Information provided below:

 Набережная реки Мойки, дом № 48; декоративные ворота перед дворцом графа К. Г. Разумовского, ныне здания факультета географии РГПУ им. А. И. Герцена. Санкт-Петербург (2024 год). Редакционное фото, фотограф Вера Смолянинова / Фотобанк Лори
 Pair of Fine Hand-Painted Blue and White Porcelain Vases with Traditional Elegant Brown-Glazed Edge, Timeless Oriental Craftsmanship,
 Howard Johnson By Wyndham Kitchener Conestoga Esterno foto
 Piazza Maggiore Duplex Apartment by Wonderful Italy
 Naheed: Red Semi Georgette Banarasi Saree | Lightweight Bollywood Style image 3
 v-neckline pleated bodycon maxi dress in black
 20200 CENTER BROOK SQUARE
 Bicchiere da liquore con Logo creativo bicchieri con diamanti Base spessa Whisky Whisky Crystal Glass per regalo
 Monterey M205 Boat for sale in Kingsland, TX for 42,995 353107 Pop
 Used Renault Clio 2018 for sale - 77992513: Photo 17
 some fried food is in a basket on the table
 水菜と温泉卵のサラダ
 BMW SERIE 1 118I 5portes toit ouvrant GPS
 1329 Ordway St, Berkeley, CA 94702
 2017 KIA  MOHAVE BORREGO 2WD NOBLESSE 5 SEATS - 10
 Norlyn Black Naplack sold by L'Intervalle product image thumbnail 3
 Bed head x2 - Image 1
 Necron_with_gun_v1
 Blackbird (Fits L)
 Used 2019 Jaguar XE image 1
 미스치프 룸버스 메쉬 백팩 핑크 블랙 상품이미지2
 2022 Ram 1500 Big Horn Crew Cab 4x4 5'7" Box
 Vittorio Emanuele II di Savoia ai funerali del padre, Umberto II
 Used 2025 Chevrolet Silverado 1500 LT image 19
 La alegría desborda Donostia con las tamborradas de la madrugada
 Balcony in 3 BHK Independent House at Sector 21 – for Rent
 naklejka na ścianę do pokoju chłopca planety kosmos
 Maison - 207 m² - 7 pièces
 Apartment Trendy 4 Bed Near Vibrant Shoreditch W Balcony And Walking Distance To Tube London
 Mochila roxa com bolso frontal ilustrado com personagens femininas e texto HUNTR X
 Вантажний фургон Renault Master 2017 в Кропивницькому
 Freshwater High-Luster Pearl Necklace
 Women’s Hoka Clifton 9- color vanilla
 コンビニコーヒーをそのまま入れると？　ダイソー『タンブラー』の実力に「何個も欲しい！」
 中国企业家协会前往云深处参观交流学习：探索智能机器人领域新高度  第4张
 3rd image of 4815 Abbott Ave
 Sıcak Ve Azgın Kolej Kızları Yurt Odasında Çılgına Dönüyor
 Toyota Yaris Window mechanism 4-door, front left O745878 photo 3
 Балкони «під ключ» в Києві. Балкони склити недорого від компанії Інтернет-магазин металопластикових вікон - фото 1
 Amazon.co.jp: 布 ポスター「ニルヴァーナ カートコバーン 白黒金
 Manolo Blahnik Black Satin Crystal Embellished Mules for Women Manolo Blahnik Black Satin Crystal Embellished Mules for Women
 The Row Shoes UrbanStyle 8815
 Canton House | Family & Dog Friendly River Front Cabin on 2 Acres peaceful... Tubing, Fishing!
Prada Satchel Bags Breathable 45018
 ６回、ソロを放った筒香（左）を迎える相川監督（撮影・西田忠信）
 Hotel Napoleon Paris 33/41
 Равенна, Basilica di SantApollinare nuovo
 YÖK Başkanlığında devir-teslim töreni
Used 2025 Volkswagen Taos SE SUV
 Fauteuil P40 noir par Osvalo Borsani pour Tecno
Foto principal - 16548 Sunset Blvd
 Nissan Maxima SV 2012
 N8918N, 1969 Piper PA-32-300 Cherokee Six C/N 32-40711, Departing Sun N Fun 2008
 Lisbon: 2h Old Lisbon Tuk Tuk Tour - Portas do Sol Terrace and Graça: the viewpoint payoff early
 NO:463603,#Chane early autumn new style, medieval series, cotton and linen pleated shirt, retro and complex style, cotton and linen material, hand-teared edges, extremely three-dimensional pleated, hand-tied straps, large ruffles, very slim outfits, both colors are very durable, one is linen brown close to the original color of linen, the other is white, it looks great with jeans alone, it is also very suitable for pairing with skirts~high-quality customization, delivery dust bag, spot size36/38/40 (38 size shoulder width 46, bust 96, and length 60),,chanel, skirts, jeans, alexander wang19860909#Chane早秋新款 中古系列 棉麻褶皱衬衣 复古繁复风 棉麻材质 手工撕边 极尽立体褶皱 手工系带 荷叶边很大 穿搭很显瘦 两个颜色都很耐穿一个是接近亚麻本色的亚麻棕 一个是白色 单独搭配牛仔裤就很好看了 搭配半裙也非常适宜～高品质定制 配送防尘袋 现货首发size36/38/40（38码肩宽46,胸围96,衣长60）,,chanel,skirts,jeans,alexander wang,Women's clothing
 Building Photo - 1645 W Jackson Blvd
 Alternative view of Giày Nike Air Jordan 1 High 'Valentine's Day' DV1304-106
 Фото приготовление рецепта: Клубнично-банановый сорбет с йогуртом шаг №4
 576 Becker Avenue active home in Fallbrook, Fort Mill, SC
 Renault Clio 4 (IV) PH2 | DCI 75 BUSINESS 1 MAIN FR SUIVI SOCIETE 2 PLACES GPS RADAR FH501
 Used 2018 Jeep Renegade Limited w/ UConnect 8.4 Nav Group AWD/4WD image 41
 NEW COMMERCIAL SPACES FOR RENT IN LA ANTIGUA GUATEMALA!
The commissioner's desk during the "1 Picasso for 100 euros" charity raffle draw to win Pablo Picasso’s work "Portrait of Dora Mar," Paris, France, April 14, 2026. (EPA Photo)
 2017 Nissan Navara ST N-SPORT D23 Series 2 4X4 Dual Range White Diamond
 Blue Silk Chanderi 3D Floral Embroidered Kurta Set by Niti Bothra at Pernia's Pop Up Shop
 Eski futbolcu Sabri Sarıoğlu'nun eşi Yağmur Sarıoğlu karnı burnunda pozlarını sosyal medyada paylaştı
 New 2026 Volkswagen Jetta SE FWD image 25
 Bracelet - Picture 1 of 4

End of Information provided.

**Required work**:
The only acceptable answer is the full set of entries, repeated exactly.

**Answer**:
 Набережная реки Мойки, дом № 48; декоративные ворота перед дворцом графа К. Г. Разумовского, ныне здания факультета географии РГПУ им. А. И. Герцена. Санкт-Петербург (2024 год). Редакционное фото, фотограф Вера Смолянинова / Фотобанк Лори
 Pair of Fine Hand-Painted Blue and White Porcelain Vases with Traditional Elegant Brown-Glazed Edge, Timeless Oriental Craftsmanship,
 Howard Johnson By Wyndham Kitchener Conestoga Esterno foto
 Piazza Maggiore Duplex Apartment by Wonderful Italy
 Naheed: Red Semi Georgette Banarasi Saree | Lightweight Bollywood Style image 3
 v-neckline pleated bodycon maxi dress in black
 20200 CENTER BROOK SQUARE
 Bicchiere da liquore con Logo creativo bicchieri con diamanti Base spessa Whisky Whisky Crystal Glass per regalo
 Monterey M205 Boat for sale in Kingsland, TX for 42,995 353107 Pop
 Used Renault Clio 2018 for sale - 77992513: Photo 17
 some fried food is in a basket on the table
 水菜と温泉卵のサラダ
 BMW SERIE 1 118I 5portes toit ouvrant GPS
 1329 Ordway St, Berkeley, CA 94702
 2017 KIA  MOHAVE BORREGO 2WD NOBLESSE 5 SEATS - 10
 Norlyn Black Naplack sold by L'Intervalle product image thumbnail 3
 Bed head x2 - Image 1
 Necron_with_gun_v1
 Blackbird (Fits L)
 Used 2019 Jaguar XE image 1
 미스치프 룸버스 메쉬 백팩 핑크 블랙 상품이미지2
 2022 Ram 1500 Big Horn Crew Cab 4x4 5'7" Box
 Vittorio Emanuele II di Savoia ai funerali del padre, Umberto II
 Used 2025 Chevrolet Silverado 1500 LT image 19
 La alegría desborda Donostia con las tamborradas de la madrugada
 Balcony in 3 BHK Independent House at Sector 21 – for Rent
 naklejka na ścianę do pokoju chłopca planety kosmos
 Maison - 207 m² - 7 pièces
 Apartment Trendy 4 Bed Near Vibrant Shoreditch W Balcony And Walking Distance To Tube London
 Mochila roxa com bolso frontal ilustrado com personagens femininas e texto HUNTR X
 Вантажний фургон Renault Master 2017 в Кропивницькому
 Freshwater High-Luster Pearl Necklace
 Women’s Hoka Clifton 9- color vanilla
 コンビニコーヒーをそのまま入れると？　ダイソー『タンブラー』の実力に「何個も欲しい！」
 中国企业家协会前往云深处参观交流学习：探索智能机器人领域新高度  第4张
 3rd image of 4815 Abbott Ave
 Sıcak Ve Azgın Kolej Kızları Yurt Odasında Çılgına Dönüyor
 Toyota Yaris Window mechanism 4-door, front left O745878 photo 3
 Балкони «під ключ» в Києві. Балкони склити недорого від компанії Інтернет-магазин металопластикових вікон - фото 1
 Amazon.co.jp: 布 ポスター「ニルヴァーナ カートコバーン 白黒金
 Manolo Blahnik Black Satin Crystal Embellished Mules for Women Manolo Blahnik Black Satin Crystal Embellished Mules for Women
 The Row Shoes UrbanStyle 8815
 Canton House | Family & Dog Friendly River Front Cabin on 2 Acres peaceful... Tubing, Fishing!
Prada Satchel Bags Breathable 45018
 ６回、ソロを放った筒香（左）を迎える相川監督（撮影・西田忠信）
 Hotel Napoleon Paris 33/41
 Равенна, Basilica di SantApollinare nuovo
 YÖK Başkanlığında devir-teslim töreni
Used 2025 Volkswagen Taos SE SUV
 Fauteuil P40 noir par Osvalo Borsani pour Tecno
Foto principal - 16548 Sunset Blvd
 Nissan Maxima SV 2012
 N8918N, 1969 Piper PA-32-300 Cherokee Six C/N 32-40711, Departing Sun N Fun 2008
 Lisbon: 2h Old Lisbon Tuk Tuk Tour - Portas do Sol Terrace and Graça: the viewpoint payoff early
 NO:463603,#Chane early autumn new style, medieval series, cotton and linen pleated shirt, retro and complex style, cotton and linen material, hand-teared edges, extremely three-dimensional pleated, hand-tied straps, large ruffles, very slim outfits, both colors are very durable, one is linen brown close to the original color of linen, the other is white, it looks great with jeans alone, it is also very suitable for pairing with skirts~high-quality customization, delivery dust bag, spot size36/38/40 (38 size shoulder width 46, bust 96, and length 60),,chanel, skirts, jeans, alexander wang19860909#Chane早秋新款 中古系列 棉麻褶皱衬衣 复古繁复风 棉麻材质 手工撕边 极尽立体褶皱 手工系带 荷叶边很大 穿搭很显瘦 两个颜色都很耐穿一个是接近亚麻本色的亚麻棕 一个是白色 单独搭配牛仔裤就很好看了 搭配半裙也非常适宜～高品质定制 配送防尘袋 现货首发size36/38/40（38码肩宽46,胸围96,衣长60）,,chanel,skirts,jeans,alexander wang,Women's clothing
 Building Photo - 1645 W Jackson Blvd
 Alternative view of Giày Nike Air Jordan 1 High 'Valentine's Day' DV1304-106
 Фото приготовление рецепта: Клубнично-банановый сорбет с йогуртом шаг №4
 576 Becker Avenue active home in Fallbrook, Fort Mill, SC
 Renault Clio 4 (IV) PH2 | DCI 75 BUSINESS 1 MAIN FR SUIVI SOCIETE 2 PLACES GPS RADAR FH501
 Used 2018 Jeep Renegade Limited w/ UConnect 8.4 Nav Group AWD/4WD image 41
 NEW COMMERCIAL SPACES FOR RENT IN LA ANTIGUA GUATEMALA!
The commissioner's desk during the "1 Picasso for 100 euros" charity raffle draw to win Pablo Picasso’s work "Portrait of Dora Mar," Paris, France, April 14, 2026. (EPA Photo)
 2017 Nissan Navara ST N-SPORT D23 Series 2 4X4 Dual Range White Diamond
 Blue Silk Chanderi 3D Floral Embroidered Kurta Set by Niti Bothra at Pernia's Pop Up Shop
 Eski futbolcu Sabri Sarıoğlu'nun eşi Yağmur Sarıoğlu karnı burnunda pozlarını sosyal medyada paylaştı
 New 2026 Volkswagen Jetta SE FWD image 25
 Bracelet - Picture 1 of 4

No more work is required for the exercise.